LONDON - It ended much as it began, with England once again on the receiving end of a thorough and professional drubbing.

The Oval has been something of a bastion for the home side in recent years but, faced with the prospect of having to defend their stumps
for another day, Nasser Hussain's team were bowled out for 184 before tea on the final day of the fifth test against Australia yesterday to lose by an innings and 25 runs.

As the teams gathered for the presentation ceremony, England were laughing and joking like men who had just been liberated from five months in a Bangkok jail.

For most, playing Australia has not been fun, and while captain Steve Waugh has moved mountains to get fit enough to play test cricket, you get the impression that some England players have been just as keen to avoid it.

A man of deeds, Waugh's determination has spread throughout his marvellous team and it shows in their cricket.

Playing great sides forces change on opponents, undermining team spirit in the process.

Something similar used to happen when the West Indies were in their mighty pomp during the 1980s. This Australia side are almost as awesome, having won 20 out of their last 23 tests.

Hussain was full of admiration for them.

"We've not progressed at all from any other series I've played against Australia," he said. "We go 0-3 down before we start playing some cricket. It's like Groundhog Day to be honest. But then Australia are playing cricket at a different standard to everyone else."

After the aberration of Headingley, where England won one day in five and won the match, justice, at least in the size and manner of the result, was once again served yesterday.

In the tabulated terms of the world test championship, this series may have been between first and third, but the gulf between the sides can be measured if not in light years, then at least in terms of Glenn McGrath (32 wickets) and Shane Warne (31 wickets).

The pair have been outstanding, leaving everyone else, including their own colleagues Jason Gillespie and Brett Lee, struggling to match their unremitting quality.

They have been so good for so long that every time they take a wicket these days they seem to overhaul some milestone or other.

Yesterday, two fell, McGrath overhauling Dennis Lillee's 355 test wickets when he removed Usman Afzaal, and Warne, now with 407 wickets, jumping ahead of Curtly Ambrose into fifth place in the all-time list.

It was Warne, with England resuming the last day on 40 for one, who quickly made any prospects of a draw seem remote.

Pitching the ball into the footholes, he had Mark Butcher caught off pad and bat at silly point.

No one exploits footholes better than the blond wrist-spinner and he made the craters at the Oval seem as treacherous as Mt Etna.

Not every ball turns at right angles, as Hussain found out when he underestimated the spin and was leg-before, but some do, something Alec Stewart witnessed at close quarters after trying to pad Warne away.

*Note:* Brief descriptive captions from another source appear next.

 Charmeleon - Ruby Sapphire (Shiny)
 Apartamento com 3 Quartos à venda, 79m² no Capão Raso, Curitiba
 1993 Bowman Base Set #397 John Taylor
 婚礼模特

The real killer ball, though, was delivered by McGrath the over after Butcher was out. On a pitch that pace bowlers have found little more than heartache, the wiry McGrath got one to leap at Marcus Trescothick from short of a length. It was the perfect throat ball and the left-hander could do little, except poke a simple return catch.

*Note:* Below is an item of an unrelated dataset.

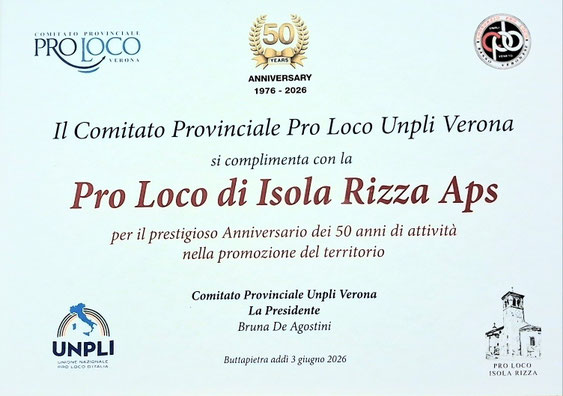 Pro loco Isola Rizza aps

Until Darren Gough and James Ormond added 58 for the ninth wicket after lunch to give the vocal crowd something to cheer about, England's hoped-for rearguard had turned into a procession.

Asked if Australia could improve, Waugh said: "There's always potential for that. However, I don't know how much better we can become. Our fielding wasn't up to our normal standard, but I felt we batted as well as we could, and bowling, pretty much the same."